Scritto da Patrizia Toia.

Intervento di Patrizia Toia (video).

Bentrovate e bentrovati per il nostro appuntamento di aggiornamento, questa volta da Strasburgo. Gran parte delle nostre attività si sono concentrate sulla situazione indescrivibile che l'aggressione bellica russa ha provocato all' Ucraina. Le violenze, sempre più insistite, brutali e sempre più indirizzate alla popolazione civile, stanno profilando una situazione di violazione dei diritti umani e di crimini contro l'umanità, di cui i responsabili saranno chiamati a rispondere. L’efferatezza cui stiamo assistendo spinge l’Europa, con tutto l’impegno necessario, a sostenere fortemente l'Ucraina e anche a ricercare una possibile via di dialogo per tentare di aprire qualche spiraglio tra le parti. L’Europa c’è ed è intenzionata a dare tutto il contributo di cui è capace anzitutto per arrivare ad un cessate il fuoco e poi per una mediazione, senza per questo, però, dimenticare colpe e responsabilità che restano chiare ed evidenti sotto i nostri occhi.
Vicinanza all’Ucraina è stata manifestata anche durante le celebrazioni per l’8 marzo, che abbiamo proprio dedicato alle donne ucraine, donne partigiane impegnate in una grande e pericolosissima resistenza.
Tra i dossier di politica estera abbiamo anche votato sulla situazione nel Myanmar dove perdura l’orrore di un regime repressivo che ha fatto del paese una fucina di crimini contro l’umanità. Il popolo del Myanmar è stato dimenticato mentre le forze democratiche del paese continuano ad essere sotto minaccia. Pensiamo ad Aung San Suu Kyi, a tante giovani donne e alle bambine, ma anche, mi sia permesso, alle missioni di suore italiane che, da anni, stanno dando il massimo sostegno alla popolazione. L’Europa deve impegnarsi di più e più direttamente a cominciare dal riconoscimento del Governo di Unità nazionale (NUG).
Un punto essenziale, anche questo legato a doppio filo alle vicende belliche, è quello dell’energia. Acquisti comuni, stoccaggi strategici comuni e impulso alle rinnovabili: l’Europa sembra finalmente incamminarsi verso quell’Unione dell’Energia per cui mi batto da tempo.
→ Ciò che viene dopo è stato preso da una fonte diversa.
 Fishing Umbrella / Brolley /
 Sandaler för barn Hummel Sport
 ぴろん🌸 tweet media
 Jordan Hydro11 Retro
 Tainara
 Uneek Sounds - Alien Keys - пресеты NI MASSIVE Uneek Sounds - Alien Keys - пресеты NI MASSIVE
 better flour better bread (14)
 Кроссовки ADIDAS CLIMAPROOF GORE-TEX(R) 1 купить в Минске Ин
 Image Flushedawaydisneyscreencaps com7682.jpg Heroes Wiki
Quello che sembrava un sogno impossibile, un buttare il cuore oltre l’ostacolo, sta prendendo forma, anche tra le difficoltà della tragedia cui stiamo assistendo.
In settimana la Commissione, attraverso la comunicazione RePower EU, compie dei grandi passi avanti verso una nuova responsabilità europea in materia di energia, affrontando il tema del caro-prezzi e della nostra autonomia di approvvigionamento nel prossimo futuro.
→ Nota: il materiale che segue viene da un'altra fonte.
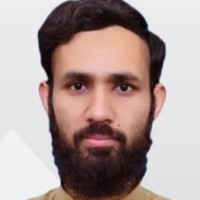 Muhammad Mansoor Awan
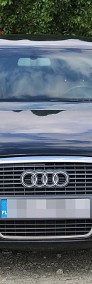 Audi A6 III (C6) 3.2 256KM Benzyna / Zarejestrowany / DOINWESTOWANY-4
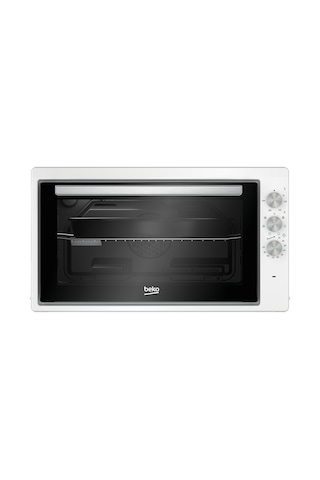 Beko BSUF 5000 MEB 50 LT Mini Fırın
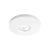 TP-Link Ruter AP9635, Access Point, Omada Pro, AX1800, Ceiling Mount, WiFi 6/1× Gigabit Ethernet Port, Beli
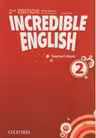 Incredible English, New Edition 2: Teacher's Book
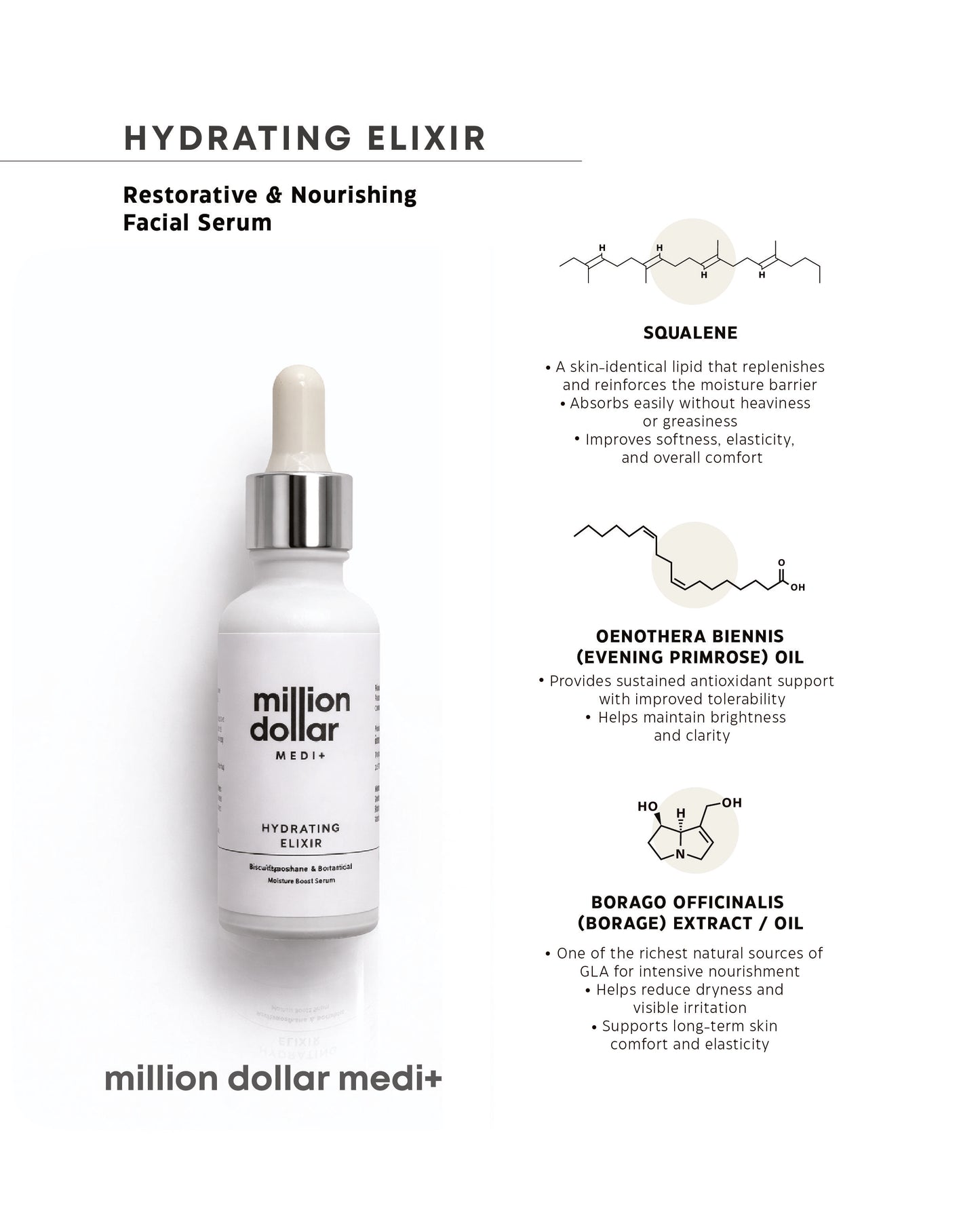 Hydrating Elixir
Il gas di importazione va ridotto e non solo quello di provenienza russa. Il ricorso alle rinnovabili, compreso il gas rinnovabile, va incrementato, così come le quote di idrogeno. Dal 1 di ottobre ogni Stato membro deve avere i propri stoccaggi pieni almeno al 90% per non trovarsi impreparato al prossimo inverno. Il piano sarà tanto più efficace quanto più sarà importante l’azione europea per gli acquisti comuni. Sul tema del rialzo selvaggio dei prezzi delle forniture, coi paesi membri che si stanno arrangiando come possono, è necessario, anche se assai complicato, che l’Europa riveda le regole di formazione dei prezzi anche attraverso, se necessario, un meccanismo di Price capping comunitario.
Tornando al tema del ruolo delle donne vorrei soffermarmi anche sul Gender Action Plan che abbiamo approvato e su cui tornerò dettagliatamente in futuro. Il piano rende prioritarie la promozione dell'uguaglianza di genere e dell'emancipazione delle donne attraverso una strategia ad ampio raggio, con l’obiettivo di ridurre fino all’annientamento i numerosi “gap” tra uomo e donna.
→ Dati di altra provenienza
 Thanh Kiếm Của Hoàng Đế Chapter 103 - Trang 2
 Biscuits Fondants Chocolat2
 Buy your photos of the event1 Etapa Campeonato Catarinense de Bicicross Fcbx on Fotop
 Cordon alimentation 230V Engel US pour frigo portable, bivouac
Abbiamo approvato in questa sessione anche un Regolamento sulle Batterie, uno dei nodi tecnologici e produttivi cruciali verso la prossima transizione ecologica. Il settore delle batterie ad alta capacità, le uniche in grado di rendere possibile una mobilità elettrica nel trasporto sulle lunghe distanze, manca di una leadership europea. L’errore fatto con la tecnologia del fotovoltaico non si deve ripetere, non possiamo incentivare l’adozione e la diffusione di una nuova tecnologia per ritrovarci a doverla importare, a caro prezzo, da paesi terzi. Lavoriamo dunque perché si rafforzino una capacità tecnologica e un’industria europea delle batterie, fondata sull’ottica della sostenibilità e dell’economia circolare.
In tema di politica industriale si è parlato anche di tessile, settore che ha bisogno di sostegno, ma anche di cambiamenti profondi. A partire dalla cosiddetta “fast fashion”, l’abbigliamento economico e di veloce consumo nelle cui filiere produttive, come ho sottolineato, va incentivata l’eliminazione delle sostanze pericolose il riciclo dei prodotti. Del tessile, soprattutto nel fast fashion, vanno anche promossi e alimentati i canali di raccolta volontaria per il riciclo e la donazione di indumenti, canali che troppo spesso sono ostacolati e rendono difficile queste lodevoli iniziative. Servono quindi regole che permettano di sperimentare l’economia circolare anche nei campi del volontariato e delle iniziative solidali. Nel tessile, inoltre, è fondamentale vigilare anche sulle condizioni dei lavoratori dei paesi dove l’industria della fast-fashion ha spesso delocalizzato la produzione. Ogni volta che importiamo qualcosa dobbiamo chiederci da dove viene, come è stato estratto o lavorato, in che condizioni erano i lavoratori e le lavoratrici coinvolti e se ci fosse anche lavoro minorile. Ogni volta che indossiamo un capo, mettiamo sulla nostra pelle anche il paese in cui è stato confezionato, le persone che lo hanno realizzato e le condizioni in cui hanno lavorato. Col coraggio di spingere la nostra responsabilità fin dentro la trama e l’ordito del nostro quotidiano.

Video dell’intervento»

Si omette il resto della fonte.